“Damn good,” he granted to me. “You got any idea of what you beat me out of?”
“No,” I said, doing my best to stand up to him; and while I talked to him, I thought, “He warned me. He told me to do it. That wasn’t Keeban, of course. Jerry had the body then. Jerry must come into him at times. Then Jerry knows and goes horrified at what Keeban does. Jerry himself sent me that warning to try to stop him. He did the same in the killing of Win Scofield.”
He went on talking, “You beat me out of more than you’d make in the bean business if you lived as many more years as you’re going to live minutes. You like that girl over there?”
I didn’t reply to that; but he went on as if I had.
“Good you do. She’s traveling right along with you. Plenty of space for two in the old glass room. Now Stenewisc, he was simply a fool.”

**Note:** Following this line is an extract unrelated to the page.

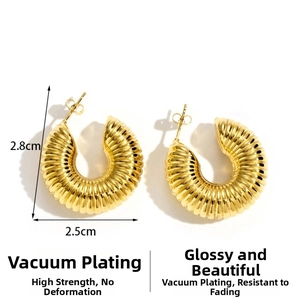 Detailed view of chunky gold-plated C-shaped hoop earrings with ribbed croissant texture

“Stenewisc, who made the gas?” I asked him. I was trying to keep him talking for the general reason that every minute gained was another minute lived; and besides, below everything else in my mind, was the idea that something might turn this body back from Keeban to Jerry again. I got to figuring like this:
“Years ago, when we were at college, he started being Keeban for a couple of short periods which confused him afterwards. He was Jerry nearly all the time. Then he stopped turning into Keeban until that night of the Sparlings’ dance. He became Keeban for a time, then he was Jerry again when he came home to talk to me, after which he went back to being Keeban. He has stayed Keeban most of the time since, especially through that Scofield business; but once or twice he became Jerry. But now, except when he sent those two notes to me, he’s been Keeban all the time.”
“Stenewisc, he never had any sense,” he went on to me. “He had the gas during the war. But would he sell it to the army or to the English or the French or, if he didn’t like that side, would he sell to the other? He would not. He wouldn’t help any government anywhere; he wouldn’t help a government even to wipe out the rest. He was set to do the wiping himself, personally. He had his big idea.”
I kept quiet; and he stood close. This was like Jerry himself, this impulse to talk on.
“He figured he could croak everybody—give him a little more time and plenty of gas. Everybody in New York, anyway.” Keeban laughed. “Lot of good that would do. Get up!” he told me.